* _Problem statement_
Set down the final stretch of the data, from the line that holds "2018 Kia RIO" through the last line, both included, with pictures left out.

'''

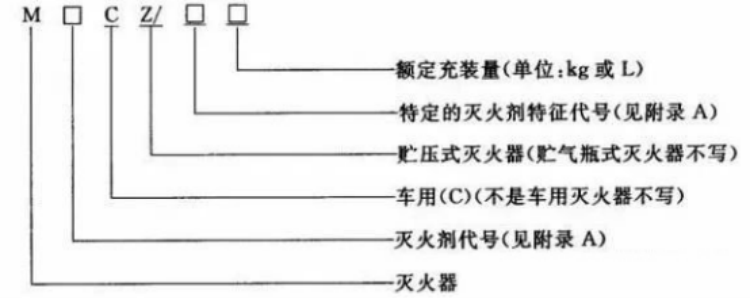 滅火器新版國(guó)家強(qiáng)制性標(biāo)準(zhǔn) 新國(guó)標(biāo)與老國(guó)標(biāo)都有哪些變化5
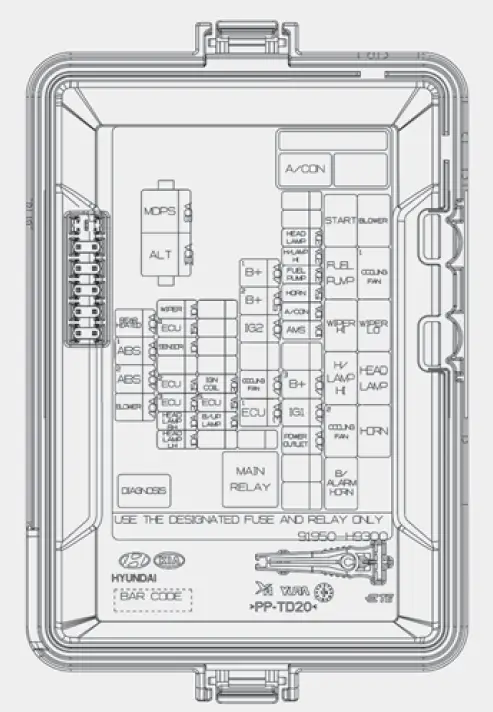 2018 Kia RIO Engine compartment fuse panel fig-7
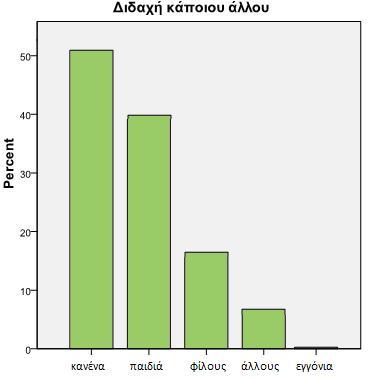 Στο γράφημα(5.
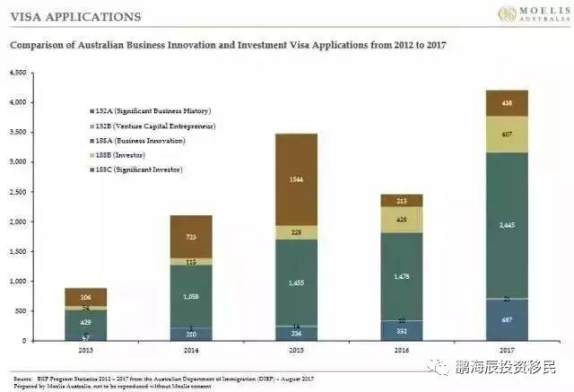 重磅 | 最新最全！澳洲政府公布：2012-2017投资移民类签证统计数据！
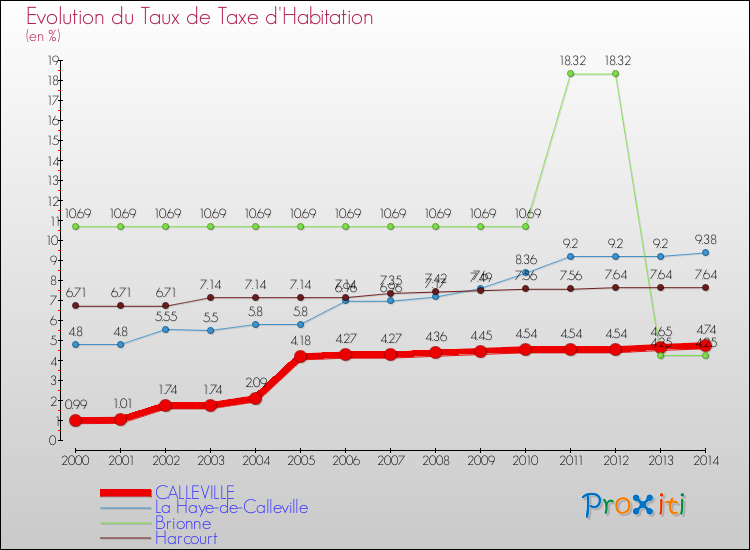 Evolution du taux de la taxe d'habitation pour CALLEVILLE et les communes proches de 2000 à 2014 Comparaison des taux de la taxe d'habitation pour CALLEVILLE et les communes voisines de 2000 à 2014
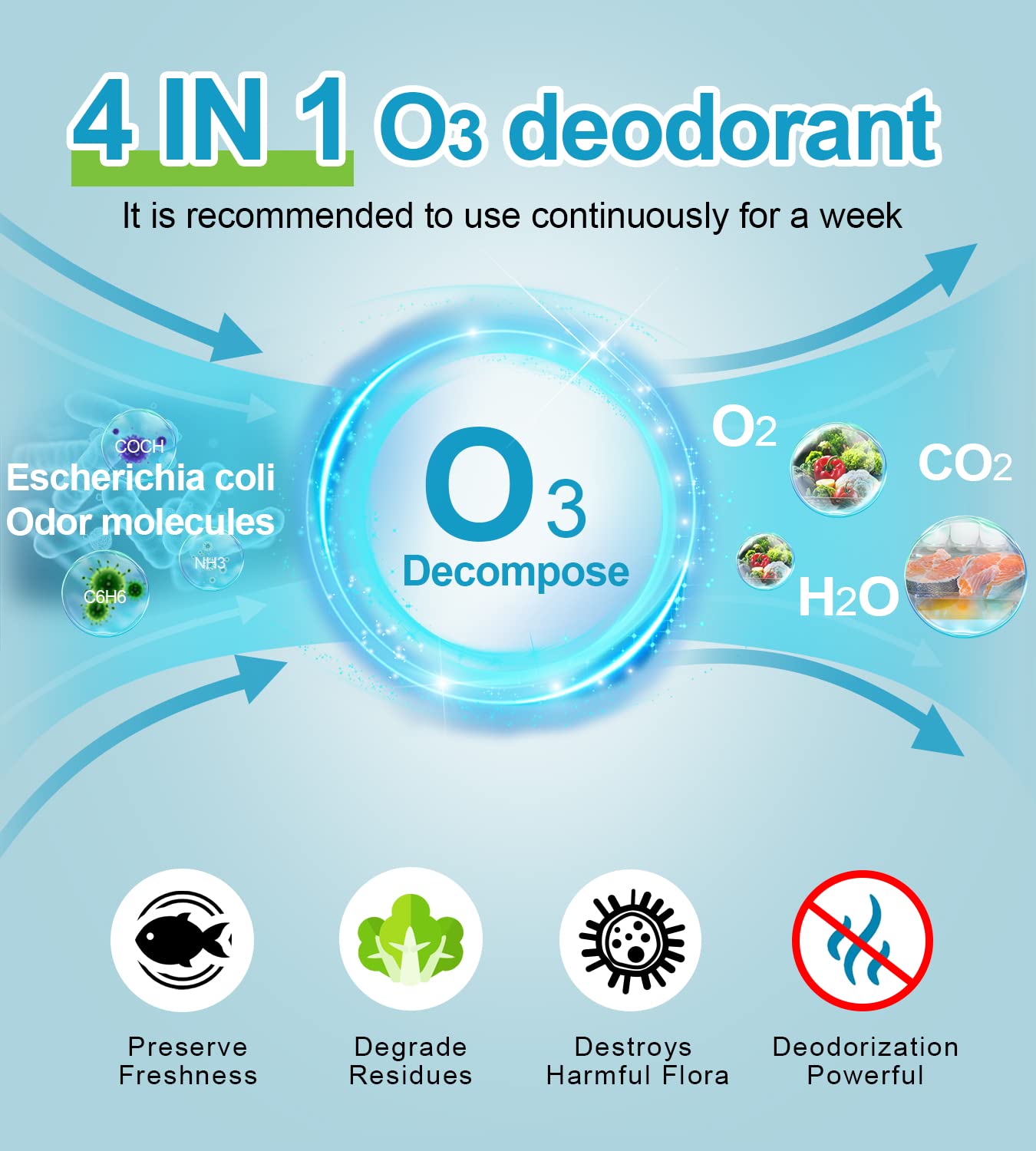 NEWEST [4 in 1] Fridge Deodorizer - Refrigerator Air Freshener Reusable Fridgerator Deodorizer Odor Eliminator Outperforms Baking Soda for Fridge and Freezer & Bamboo Charcoal Air Purifying Bags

'''

* _Answer for this exercise_
 2018 Kia RIO Engine compartment fuse panel fig-7
 Στο γράφημα(5.
 重磅 | 最新最全！澳洲政府公布：2012-2017投资移民类签证统计数据！
 Evolution du taux de la taxe d'habitation pour CALLEVILLE et les communes proches de 2000 à 2014 Comparaison des taux de la taxe d'habitation pour CALLEVILLE et les communes voisines de 2000 à 2014
 NEWEST [4 in 1] Fridge Deodorizer - Refrigerator Air Freshener Reusable Fridgerator Deodorizer Odor Eliminator Outperforms Baking Soda for Fridge and Freezer & Bamboo Charcoal Air Purifying Bags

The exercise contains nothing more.